Segment Start: DATASET EXCERPT

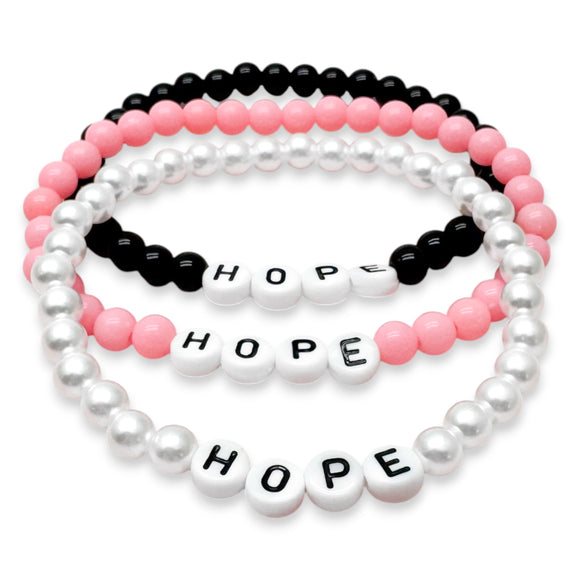 HOPE Acrylic Letter Bead Bracelet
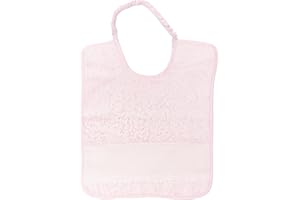 Woolove - Ensemble de maternelle personnalisé avec le nom de votre petite fille ou de votre enfant | Bavoir maternelle avec élastique | En éponge de coton | Idée cadeau pratique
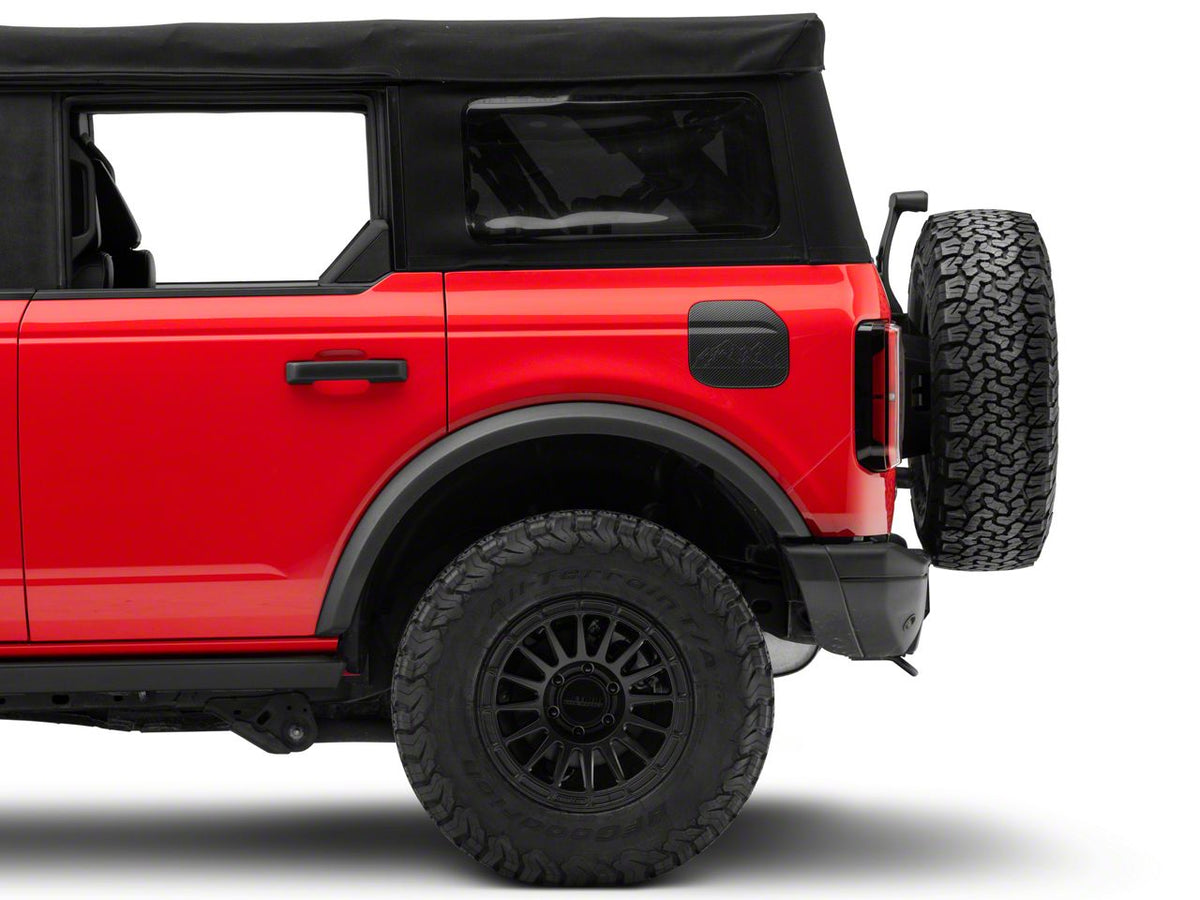 RedRock Fuel Door Cover - Matte Carbon Design for Ford Bronco - view 3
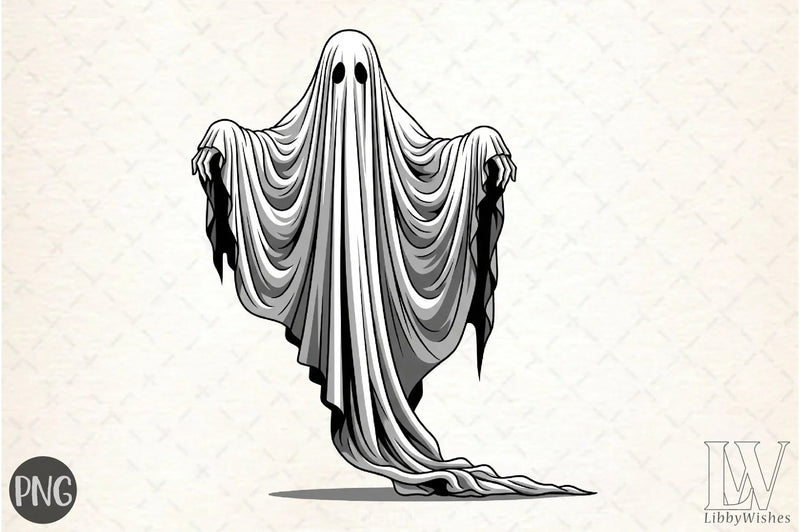 Halloween Ghost Clipart Bundle 14 - CraftNest - Digital Crafting and Art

Segment End: DATASET EXCERPT

◆ TASK PROMPT: Would you please set down the listing above exactly, minus its images?

◆ TASK OUTPUT:
 HOPE Acrylic Letter Bead Bracelet
 Woolove - Ensemble de maternelle personnalisé avec le nom de votre petite fille ou de votre enfant | Bavoir maternelle avec élastique | En éponge de coton | Idée cadeau pratique
 RedRock Fuel Door Cover - Matte Carbon Design for Ford Bronco - view 3
 Halloween Ghost Clipart Bundle 14 - CraftNest - Digital Crafting and Art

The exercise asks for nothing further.